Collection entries
━━━━

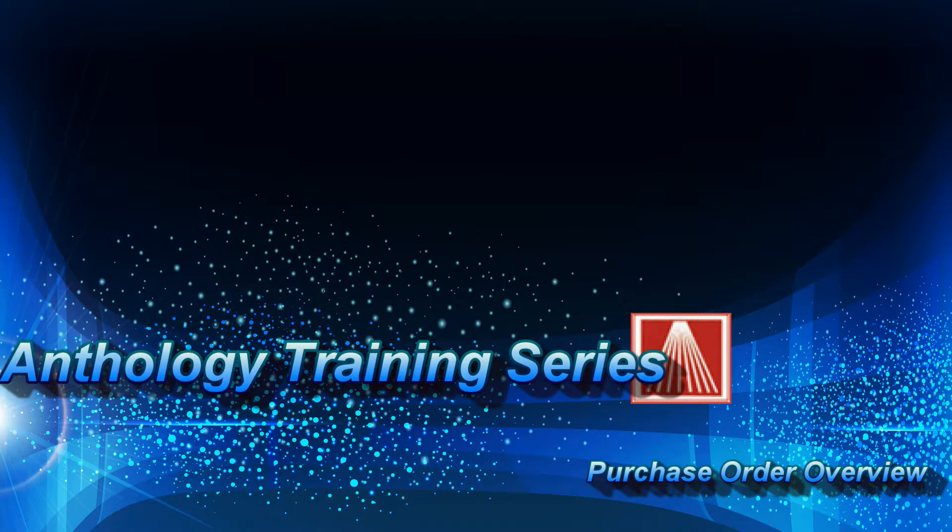Welcome to the Anthology training series. Today I'm going to go through purchasing and receiving. This is going to be a very basic overview but should get you going with purchase orders. If you need additional instruction, please continue on in the playlist linked in the video.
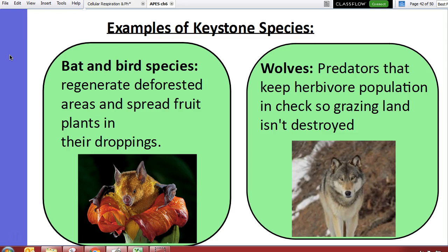Those are some examples of keystone species. Tomorrow we'll look at a video clip on wolves and then talk about succession. For now, use your phone or computer to look up these species and figure out whether their relationship is mutualism, parasitism, or commensalism, and explain why.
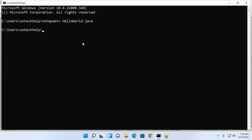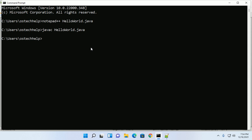Now compile this program with this command: javac then HelloWorld.java file. Hit enter. This command will create a HelloWorld.class file.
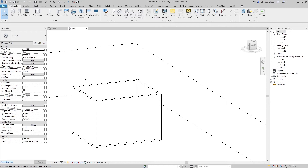Hey, what's up guys, welcome to Mr. V the Architect. Today we are looking at how to model a roof by extrusion in Revit 2022.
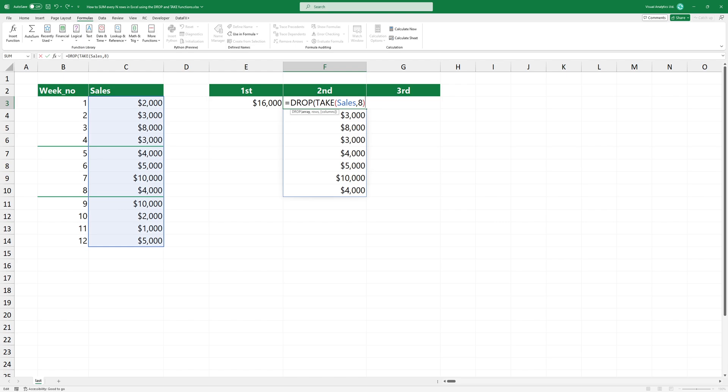Add the DROP function. The DROP function excludes a specified number of rows or columns from the start or end of the given array. We need the second week's data, so I will exclude the first four rows.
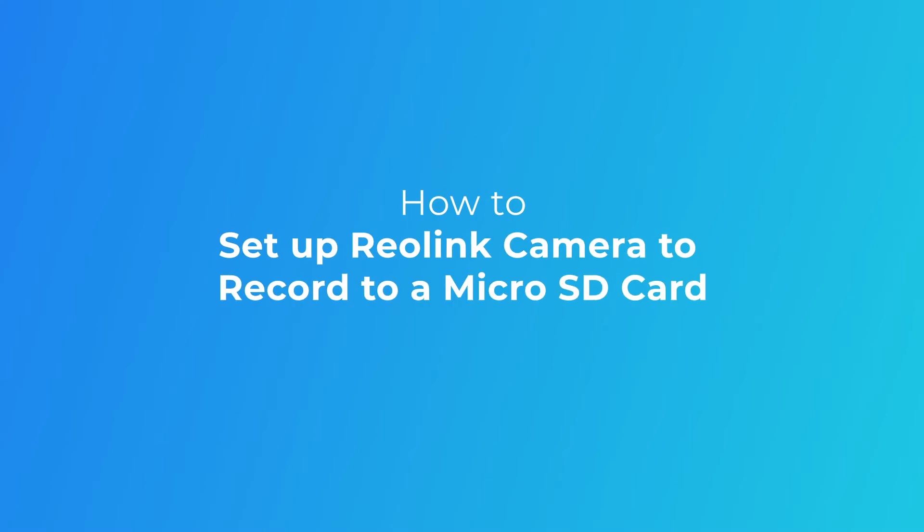Welcome to Reolink. Today's video is going to guide you on how to set up your security camera to record to its SD card on the Reolink app and client.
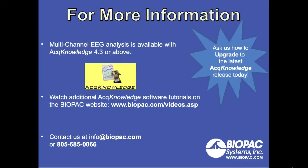Multi-channel EEG Analysis is available with AcqKnowledge version 4.3 or above. You can watch additional AcqKnowledge software tutorials on the BIOPAC website at www.biopac.com. You can also contact us for more information at info@biopac.com or 805-685-0066.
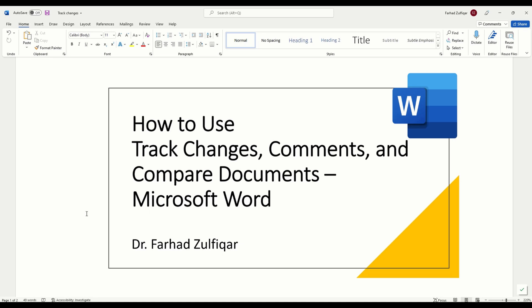Hello everyone, I am Dr. Farhad Zulfikar. In this video, you will learn the basics of tracking changes and comments in Office 365. However, this is also applicable to various other versions of Microsoft Office with very minor changes in some of the tabs here.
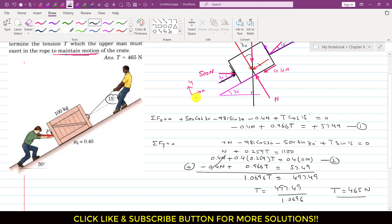So T equals 465 newtons. If this man pulls the crate with 465 newtons at an angle of 15 degrees, they will be able to maintain the motion of the crate up the incline. I hope you understood this particular problem. Kindly like this video if it helps in your learning, and subscribe my channel if you haven't subscribed yet.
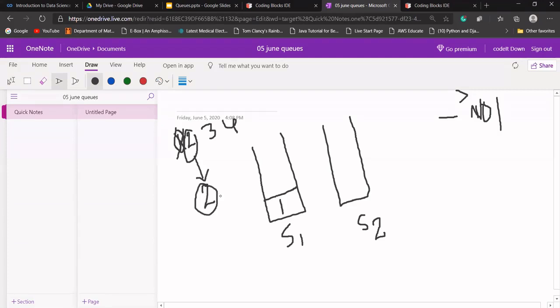Before adding two to this stack — for outsiders it is a queue, for us it is a stack because we can perform only stack operations here. We are trying to create enqueue and dequeue functions. So before adding two, remove all the data from S1 and push it into stack S2.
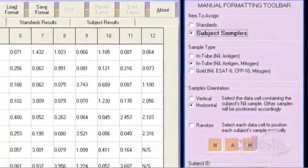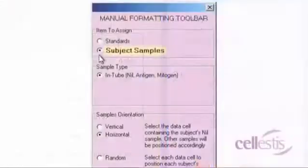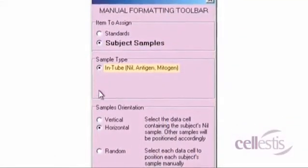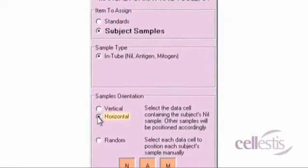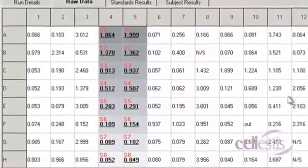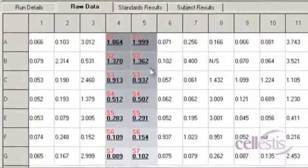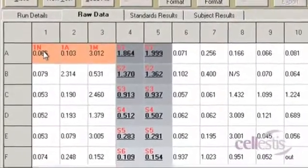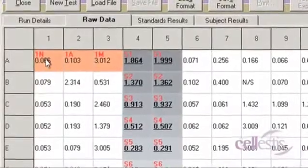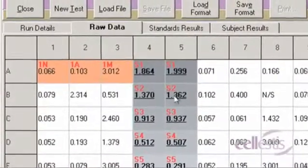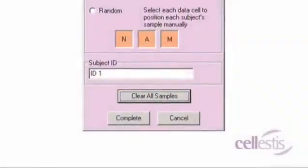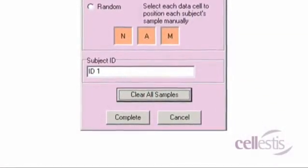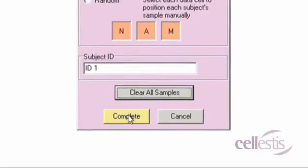To assign subject samples, select the Subject Samples radio button. Select the appropriate sample type and sample orientation. Click on the cell that contains the subject's nil data. The chosen cell will be designated as nil and the other samples will be positioned in order. Once the standards and subject samples have been applied, save by pressing the Complete button.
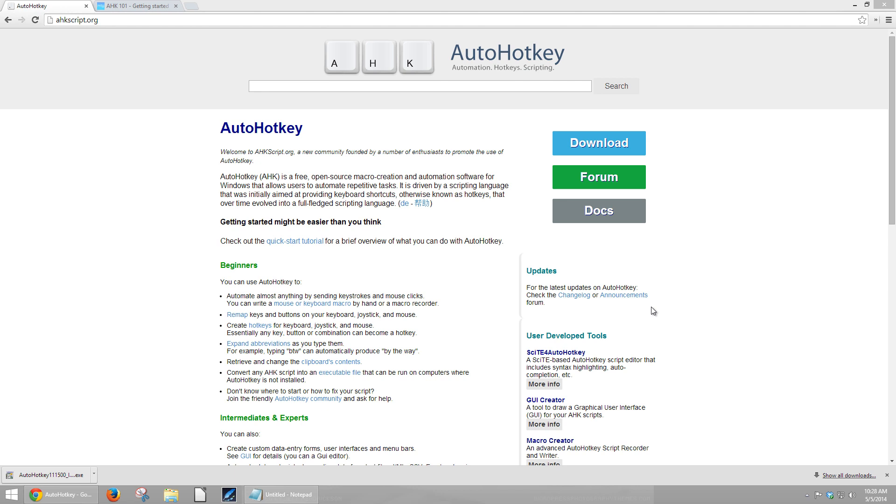The questions that we will seek to answer in this video can be described as: What is AutoHotKey? What can it be used for from a turking perspective? Where can you find it? How do you use it? What are the basic parts of a script? How do you pause or close a script?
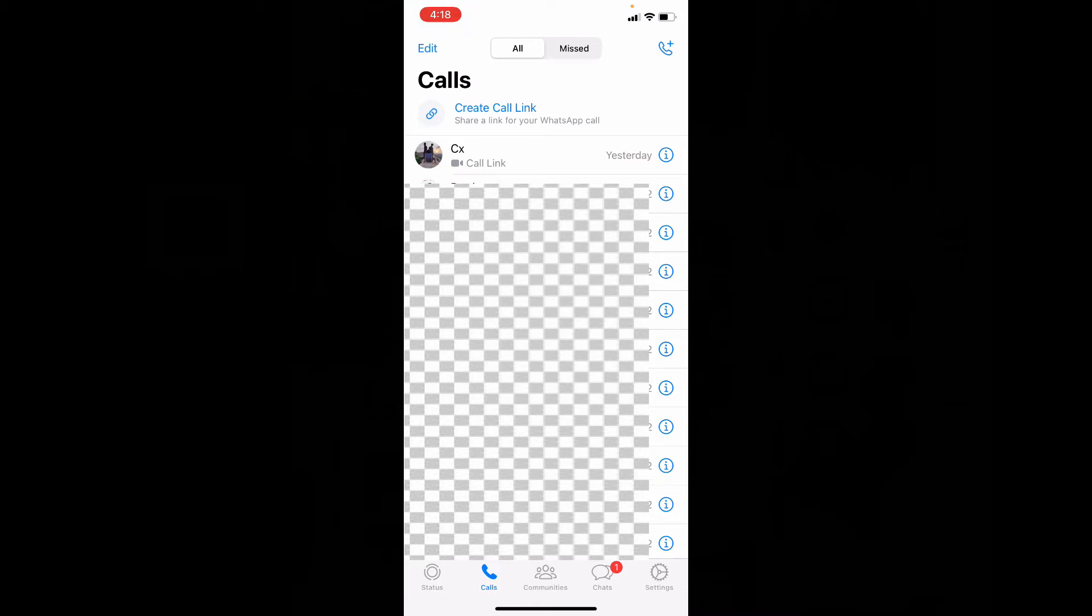If you didn't see that, just update your WhatsApp on App Store. Now click create call link.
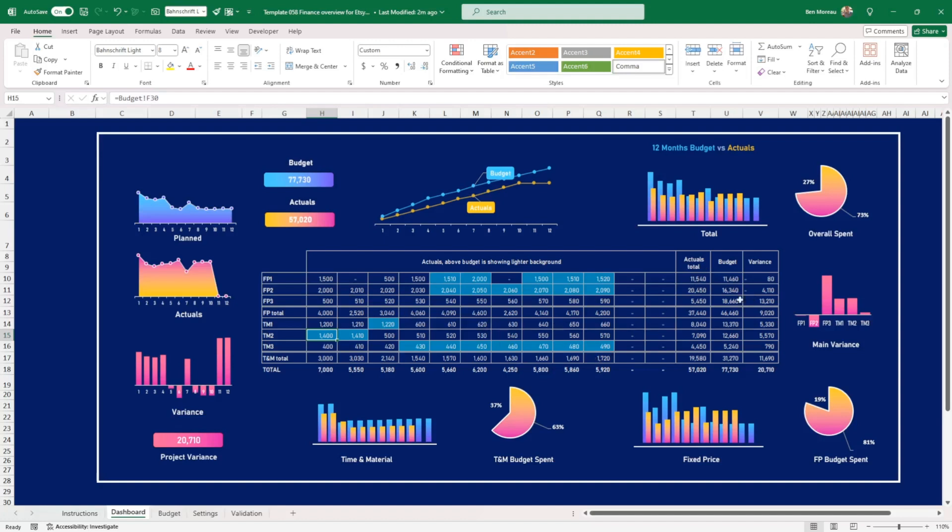And here, no surprise, you put the total actuals, the budget and the variance, which is the difference between the budget and the actuals. And you have two months available here that will fill up as we progress.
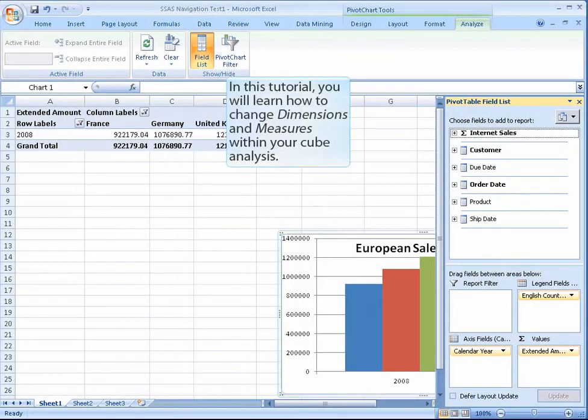In this tutorial, you will learn how to change dimensions and measures within your cube analysis.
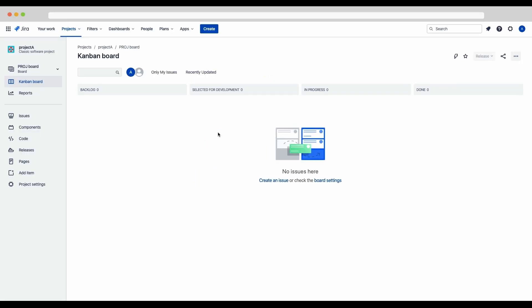Congratulations. If you clicked that button and you are now seeing a Kanban board, you've successfully created your first Kanban project.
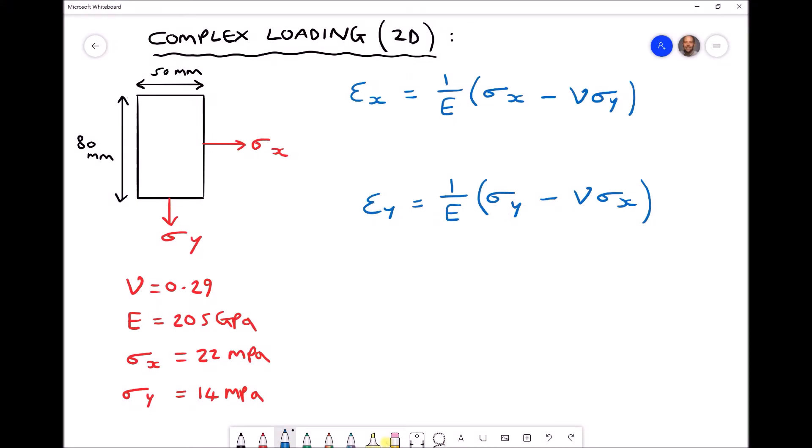In this video tutorial we're going to be solving a problem involving complex loading. Complex loading is when stresses exist in more than one direction. Here we have two stresses acting in mutually perpendicular directions: a stress sigma x and a stress sigma y. We're going to assume that our plate in the top left hand corner is constrained along the left hand edge and constrained along the top edge.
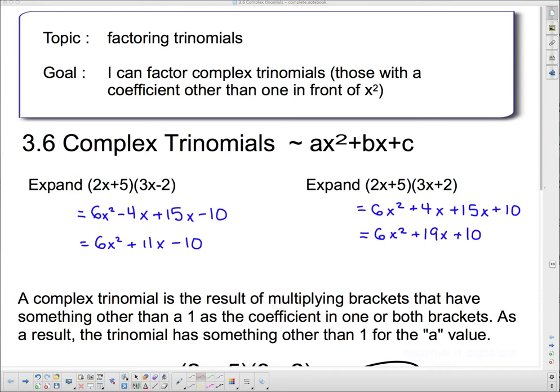Welcome to your next lesson on factoring trinomials. Our goal today: I can factor complex trinomials — those with a coefficient other than 1 in front of the x squared.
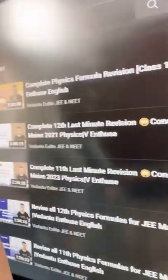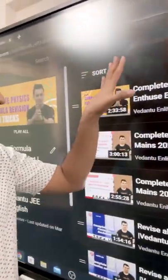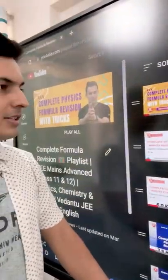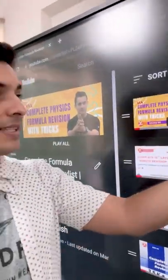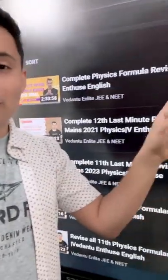Just click on this playlist and you will see all formula revision sessions. This is the most important one, which has the entire physics formula for all the EMSAT as well as GAI aspirants — that too within just two and a half hours. Use this session to rock all the examinations that are going to come your way.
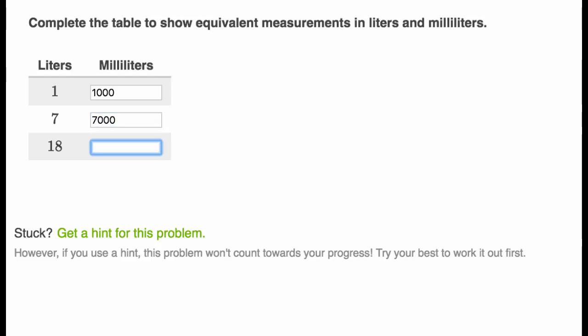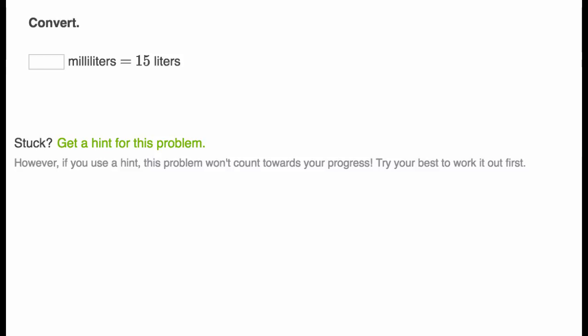And what about 18 liters? Pause the video and think about it. Well, that would be 18,000 milliliters. So however many liters you've got, it would be 1,000 times as many milliliters because each milliliter is 1,000th of a liter. Let's do some more examples.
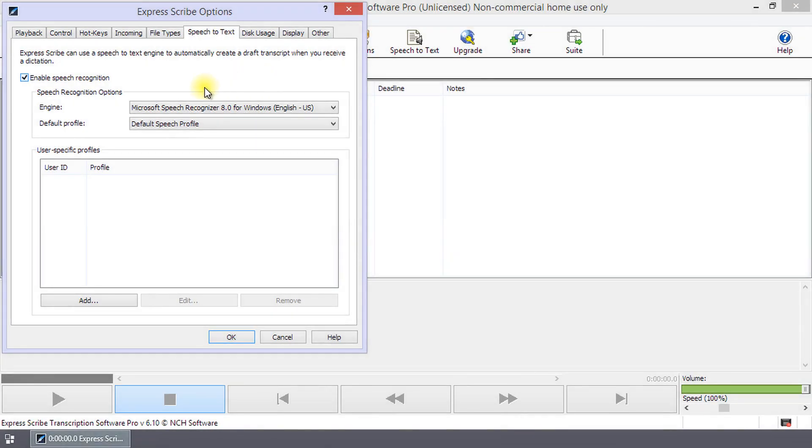Express Scribe can use any SAPI-compliant speech recognition engine to assist you to transcribe recordings. For example, Dragon Naturally Speaking, Microsoft Voice, IBM ViaVoice and many more engines are compatible.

━━━━

== What is being asked ==
Will you restate every entry word for word and omit the images?

== Solution ==
Welcome to the Anthology training series. Today I'm going to go through purchasing and receiving. This is going to be a very basic overview but should get you going with purchase orders. If you need additional instruction, please continue on in the playlist linked in the video.
Those are some examples of keystone species. Tomorrow we'll look at a video clip on wolves and then talk about succession. For now, use your phone or computer to look up these species and figure out whether their relationship is mutualism, parasitism, or commensalism, and explain why.
Now compile this program with this command: javac then HelloWorld.java file. Hit enter. This command will create a HelloWorld.class file.
Hey, what's up guys, welcome to Mr. V the Architect. Today we are looking at how to model a roof by extrusion in Revit 2022.
Add the DROP function. The DROP function excludes a specified number of rows or columns from the start or end of the given array. We need the second week's data, so I will exclude the first four rows.
Welcome to Reolink. Today's video is going to guide you on how to set up your security camera to record to its SD card on the Reolink app and client.
Multi-channel EEG Analysis is available with AcqKnowledge version 4.3 or above. You can watch additional AcqKnowledge software tutorials on the BIOPAC website at www.biopac.com. You can also contact us for more information at info@biopac.com or 805-685-0066.
Hello everyone, I am Dr. Farhad Zulfikar. In this video, you will learn the basics of tracking changes and comments in Office 365. However, this is also applicable to various other versions of Microsoft Office with very minor changes in some of the tabs here.
So T equals 465 newtons. If this man pulls the crate with 465 newtons at an angle of 15 degrees, they will be able to maintain the motion of the crate up the incline. I hope you understood this particular problem. Kindly like this video if it helps in your learning, and subscribe my channel if you haven't subscribed yet.
Before adding two to this stack — for outsiders it is a queue, for us it is a stack because we can perform only stack operations here. We are trying to create enqueue and dequeue functions. So before adding two, remove all the data from S1 and push it into stack S2.
To assign subject samples, select the Subject Samples radio button. Select the appropriate sample type and sample orientation. Click on the cell that contains the subject's nil data. The chosen cell will be designated as nil and the other samples will be positioned in order. Once the standards and subject samples have been applied, save by pressing the Complete button.
The questions that we will seek to answer in this video can be described as: What is AutoHotKey? What can it be used for from a turking perspective? Where can you find it? How do you use it? What are the basic parts of a script? How do you pause or close a script?
If you didn't see that, just update your WhatsApp on App Store. Now click create call link.
And here, no surprise, you put the total actuals, the budget and the variance, which is the difference between the budget and the actuals. And you have two months available here that will fill up as we progress.
In this tutorial, you will learn how to change dimensions and measures within your cube analysis.
Congratulations. If you clicked that button and you are now seeing a Kanban board, you've successfully created your first Kanban project.
In this video tutorial we're going to be solving a problem involving complex loading. Complex loading is when stresses exist in more than one direction. Here we have two stresses acting in mutually perpendicular directions: a stress sigma x and a stress sigma y. We're going to assume that our plate in the top left hand corner is constrained along the left hand edge and constrained along the top edge.
Welcome to your next lesson on factoring trinomials. Our goal today: I can factor complex trinomials — those with a coefficient other than 1 in front of the x squared.
Just click on this playlist and you will see all formula revision sessions. This is the most important one, which has the entire physics formula for all the EMSAT as well as GAI aspirants — that too within just two and a half hours. Use this session to rock all the examinations that are going to come your way.
And what about 18 liters? Pause the video and think about it. Well, that would be 18,000 milliliters. So however many liters you've got, it would be 1,000 times as many milliliters because each milliliter is 1,000th of a liter. Let's do some more examples.
Express Scribe can use any SAPI-compliant speech recognition engine to assist you to transcribe recordings. For example, Dragon Naturally Speaking, Microsoft Voice, IBM ViaVoice and many more engines are compatible.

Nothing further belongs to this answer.